Mais l’élément le plus significatif du rapport de Dominique Le Mèner reste la manière dont, comme tant d’autres, il confond cyclomoteurs et motos, visible par exemple dans son exposé commun de pratiques distinctes – le débridage concerne à la fois les motos et les cyclomoteurs, là où le kitage ne s’applique qu’à ces derniers, et comprend généralement la pose d’un pot d’échappement aussi bruyant qu’illégal. Il parvient ainsi, en ne prenant en considération que l’inexpérience des « jeunes utilisateurs », à englober l’ensemble du monde motard dans la catégorie des débutants, et, par extension, des mineurs. Pourtant, avec une moyenne d’âge qui a passé les 40 ans, ceux qui ne sont plus jeunes que dans l’esprit, à l’image d’un Jean Babilée qui, à 82 ans, a toujours fière allure au guidon de sa très sportive CBR 600 RR, en constituent la fraction numériquement la plus significative. La logique du raisonnement, qui confond cyclomoteurs et motos, assimilant adolescents et adultes, permet de ranger ces derniers dans une catégorie à protéger au même titre que les mineurs contre leurs propres excès, et donc de leur dénier, sur ce point, et du fait d’avoir eu l’irresponsabilité de choisi la moto, leur qualité d’adultes responsables.

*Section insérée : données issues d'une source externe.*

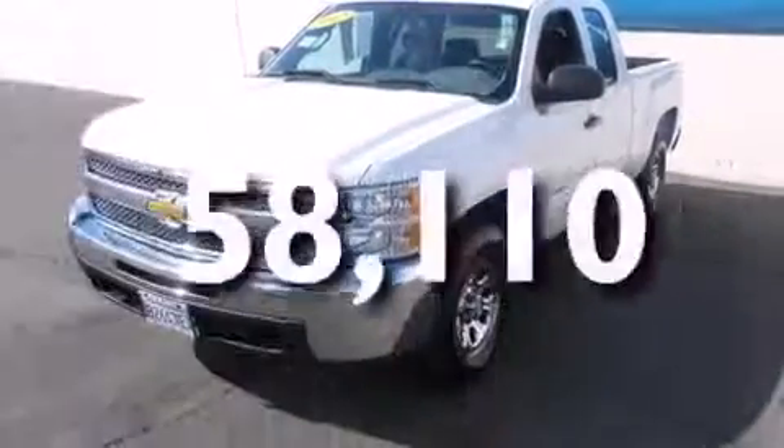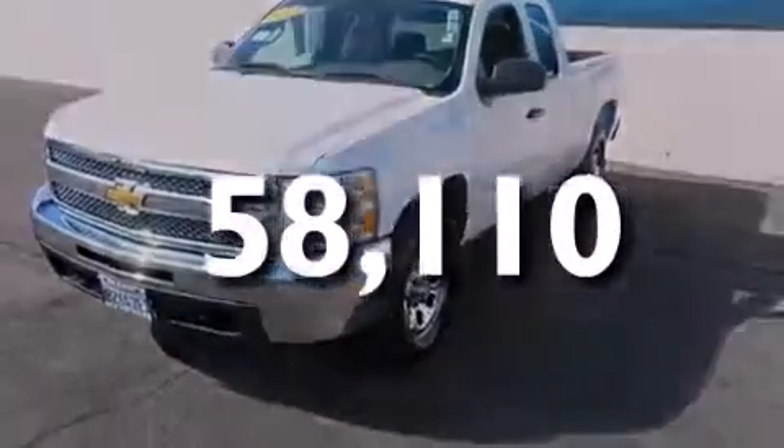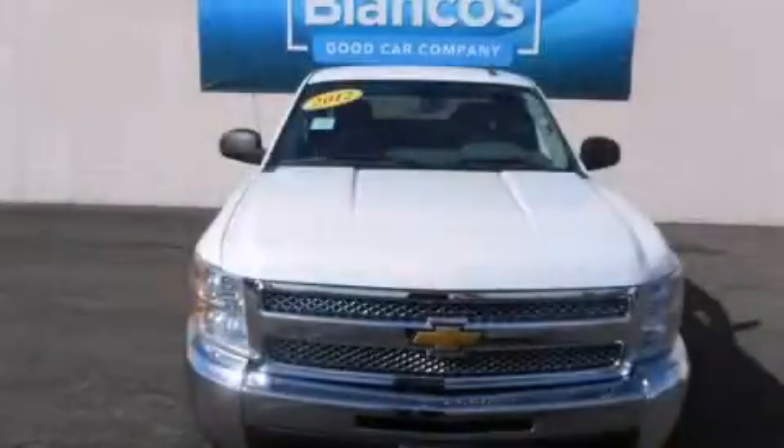This vehicle has fewer than 59,000 miles on the odometer. We invite you to contact us today to learn more about this vehicle.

L’intérêt d’un sujet comme celui-ci, technique, très spécifique, tout à fait périphérique, est de permettre, pour peu que, justement, l’on dispose des connaissances qui font visiblement défaut au législateur, de révéler plus facilement le jeu des forces qui produisent la réglementation et sa justification. A la racine de celles-ci, on trouve la marque des entrepreneurs de morale, associations de victimes de la route en l’espèce, qui revendiquent doublement, au nom de la famille et au nom des victimes, le monopole de la protection de la jeunesse contre les accidents de la route comme de la manière d’y parvenir, par une prohibition de plus en plus forte et une répression de plus en plus stricte. Et il leur est plus facile d’agir lorsque le public concerné n’a pas à donner son avis, c’est à dire lorsqu’il est mineur. Ensuite il suffit, par ce glissement dont l’intervention du rapporteur donne un bon exemple, de rattacher fictivement la catégorie des motards en général à celles des deux-roues pilotés par des mineurs pour se retrouver, même à 82 ans, privé de son droit d’agir en personne responsable.
Une telle confusion ne pourrait avoir cours dans le domaine de l’automobile, où l’on traite à part le problème des « jeunes conducteurs » comme celui des « délinquants routiers », sans ici les confondre, du moins dans le discours de l’appareil d’État, avec la catégorie générale des automobilistes. Et celle-ci met finalement en lumière, faute de constructeurs en activité, faute de champions connus, et même si un retraité occupe le poste du Ministre délégué à l’aménagement, et, sans doute, faute de réussite dans l’espace public de la FFMC, la puissance normative de cette ignorance dont est victime la moto dans un pays où sa visibilité est nulle.